You see, my STBX is buying me out of our condo. I couldn't afford to make the payments so we finally agreed to have him buy me out. I signed the titled papers today and when I got back to my car, I started crying. I didn't expect it because I have been looking forward to starting my new life. I am very, very sad, actually. Has anyone experienced setbacks like this, or something similar? How did you overcome the sadness and get back on track?
Thanks : )

Good morning :)
I am so sorry I didn't see this when you originally posted....
Hugs to you.
I think all of us have experienced setbacks like this. For me, my ex cheated on me as well, I was pregnant and we have a now 6 year old son together. He left.... I was devistated. It took me 6 months to start dating again, actually I started dating as sort of a "get back" to my X. I dated a few guys, then meeting the one I am still with today. I filed for divorce 5 months later. After I filed for divorce, he stopped paying support. At the same time, I lost my job. I had no money and I was stuck with a HUGE rent payment that I could not afford. I had to move. I moved in with my boyfriend.....
Packing up the house was sad. I kept finding things. Like some candy that we had hidden on top of the kitchen cupboards to keep it away from our son from the Xmas before. I found a ceramin jewlery box that X had gotten for me at a yard sale that his father had that he picked out, "especially for me". Things like that. That was HARD. I was doing great, in a new relationship..... while cleaning the kitchen I had to stop to cry, because of finding these things. Then, I moved. I fought back tears all day. I had my boyfriend, his family and my dad and his girlfriend there to help. I just kept thinking, WHAT am I doing?
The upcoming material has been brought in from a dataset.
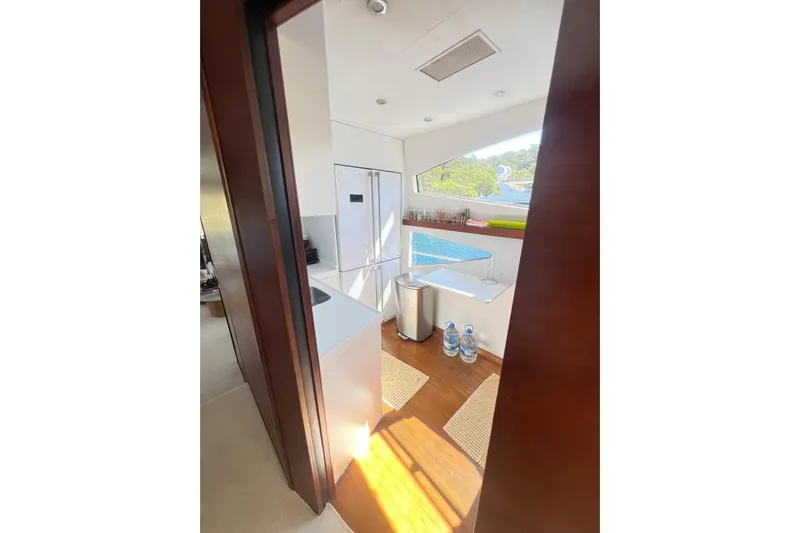  Yacht Photos Pics Modern kitchen interior on 2010 Numarine 78 yacht, featuring sleek design and natural light.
But once it was over, once I was in my new place with my new boyfriend starting our life together, I began to have "those" days less and less. I guess I started occupying ( sp ) my life with other things. Soon, the days just flew by without even thinking about it and I was over it!
I still miss our old house sometimes.... especially when my son says "remember when we lived on Ellen?" It makes me think of the happy times. For me, he left without me realizing there was
Even if you are having a amicable divorce you are still going through emotions of loss of hopes and dreams you had. It was a life you wanted and worked towards. Its normal to grieve that. I know I did. My ex was horrible to me and also cheated on me and left me and our kids for another woman. I was releived when he was gone - like a weight was lifted yet I still missed him and was dumbfounded by those feelings. It took a good 6 months to a year I guess to completley get to the point where there was no remanicant feelings left. Helped too when the divorce was completley final! Ours took almost three years!
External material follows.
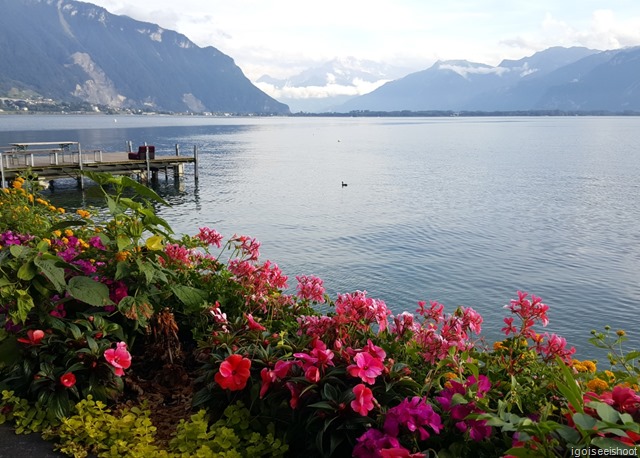 Montreux’s Lakeside Promenade Fleuri with views of Lake Geneva and distant mountains.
Its normal hun you will be fine!
Hugs to you....I can understand your sadness....and yes, our stories are very similar....My heart goes out to you...My head and heart were so messed with for the last 8 years that I was severely depressed when H said he wanted out....I had been put down for so long that I really thought I was worth nothing.....after he moved out, I have come to realize that I was not the problem....I was not out drinking,cheating, and treating him with blatant disregard.....I am leaving with a clear conscience....He is now some other chics problem....
I think for me the hardest part of the whole divorce thing is the absolute uncertainty....It is enough to make you very sad...but I have been trying to just get in the mindset that no matter what ,I am to going to try my best not to dwell on what I do not have now (whether it be the house, money, or him )
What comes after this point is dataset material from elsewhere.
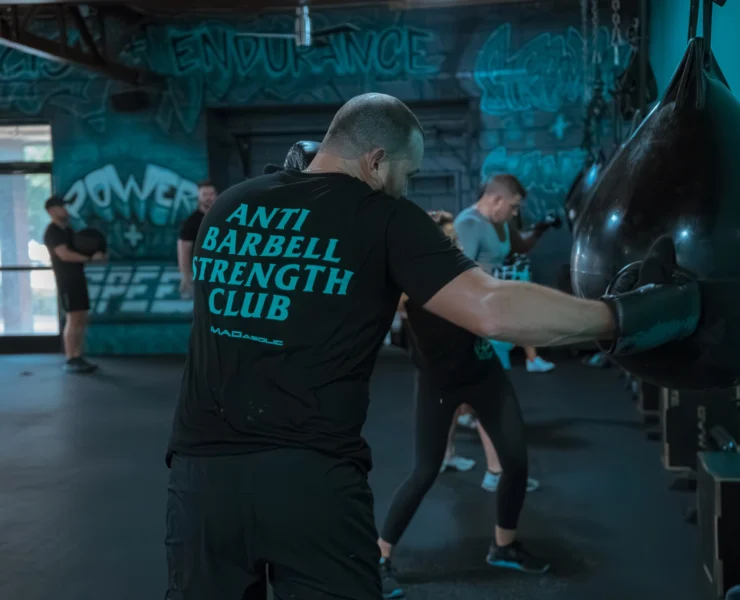 man hits a boxing bag inside a fitness studio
and just look at it as an opportunity to get where I am supposed to be....Some days are great and some days are such a struggle that it sometimes hurts to even breathe....For me, my biggest struggle is that I still love him....He has been so cruel to me for so long that I should not...Frankly, I should have been the one to leave a long time ago...and I just can not even fathom that he was the one so desperate to leave and get a divorce......It has just gotten to the point that it is really funny to me sometimes.......Keep your chin up.....Trust me, better days are coming for all of us....till then take care of yourself...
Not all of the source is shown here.